With regard to that idea, I would often think to myself. What is the greatest sight of depth one can achieve? I have realized many things, things I couldn't even begin to describe. It is great to have these deep conceptions, but it is often that others couldn't have such explained. I have recognized life in a very abstract perspective, in which I have lost concern for what I consider to be unimportant. It is like developing such a hunger that you can no longer eat just one sandwich, but two and so on.

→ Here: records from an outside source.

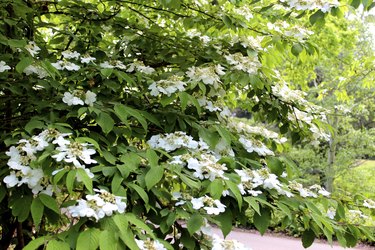 White viburnum flowers on garden shrub (plicatum tomentosum 'Mariesii')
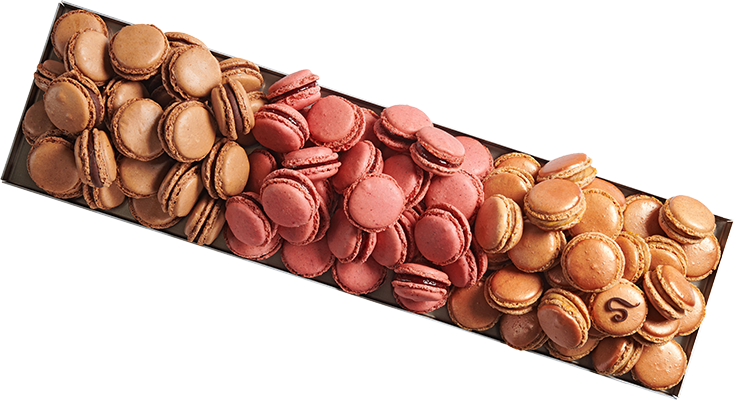 Macarons Sève Pâtisserie Chocolaterie Lyon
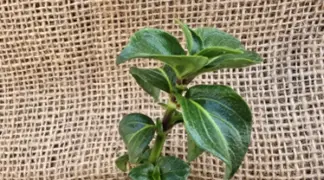 Rungia klossii | Pilzkraut Bio-Pflanze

Still in high school, my peers will bring up so many unnecessary, dry/vague, uninteresting conversations in which I just want to back-hand them across the face. Perhaps, it is to the point where my best friend can tell me he is going to be a father, and I would respond with a calm "Oh, that's great," (I don't really care so much). Well of course I would, just not so much. I usually only enjoy deep, philosophical conversations or sarcastic arguments. Life in America just seems so dull for me. I mean, people want to talk only about these, small-talk things. Ironically, I may seem like the most boring person you could meet, yet I may see life much more excitingly than you (you being a variable). I may murder someone on accident, sit in anxiety, and laugh about it if I want to. Maybe even go play video games if so. I consider my self very unbias. I don't get offended easily, and I would want nothing in honor to me for anything, be it my death or whatever.

So, all these being factors of my "universal" perspective, I see things much differently than the common foe. There is so much more I would like to describe, but that is all I can currently handle. Reality is what seems to confuse me, my understanding remaining within this crazy world of the inner mind. What aspects of life may you see? Or not.